Posted By: Charles Capps Re: Spider hack warning - 01/23/2004 7:38 PM
Any script has the potential to be a resource hog when malicious spiders come crawling along.

Google, Inktomi, and others intentionally limit the crawling rate in order to prevent hitting the server too hard, even for static pages. Not all spiders are as nice. A single malicious spider can easily make a hundred requests a minute, which can promptly bring any server to its knees.
Posted By: Gizmo Re: Spider hack warning - 01/24/2004 3:10 AM
Agreed, I've seen some serious impact on some boards running spider hack when spiders come along, a lot of hosts don't like it when that happenes now adays due to spiderable url's in the beta...

Perhaps look at a new host before you enable spidering... HostNuke hosts both of my boards and Al's, and we both have spidering enabled... Works like a dream...
Posted By: REAMERE Re: Spider hack warning - 01/27/2004 10:11 AM
What do you think of LunarPages in this regards?

I've heard (and seen a little) that their servers do bow to spiders at times.
Posted By: Gizmo Re: Spider hack warning - 01/28/2004 1:32 AM
I never really liked LunarPages... The only post I like anymore is HostNuke; their systems support my board when 3 other providers turned me away...
Posted By: REAMERE Re: Spider hack warning - 01/28/2004 11:20 PM
Hmmm. good to know, thanks.
I use LunarPages (obviously) for all of my clients and I really have no complaints.

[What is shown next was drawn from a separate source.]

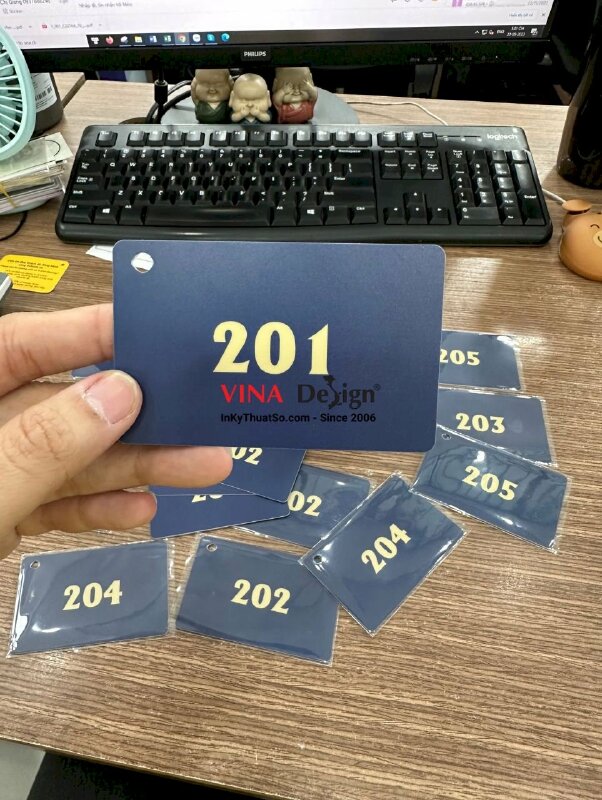 In thẻ chìa khóa khách sạn, in 2 mặt ép mờ, đánh số nhảy, đục lỗ tròn - INKTS761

Of course, I have been on worse providers. Oh...the stories I could tell!

But DrkKnight and I just moved our boards over to Lunar and are doing well. I do about 3000 unique visits per month but he does well over 20,000 (crazy traffic), he's using Ubb.threads now, and I'm using classic, again no complaints.

But we do not have the spider hack installed. I was wondering if anyone had any experience with UBB and the Spider Hack on Lunar Pages as a host.

Thanks for the feedback
Posted By: Gizmo Re: Spider hack warning - 01/29/2004 1:49 AM
We were using a spider mod when on there, see above, they didn't like it lol...
Posted By: REAMERE Re: Spider hack warning - 01/29/2004 3:53 AM
Ahhh, I didn't realize you were using them.
I suppose that either the server crashed or they told you that they were dropping the account?
Either way, thanks, good to know, because we were both thinking of using the hack.
Posted By: Ian Spence Re: Spider hack warning - 01/29/2004 3:57 AM
if you wait a week or two, the next version will have it, so no need to alter your boards.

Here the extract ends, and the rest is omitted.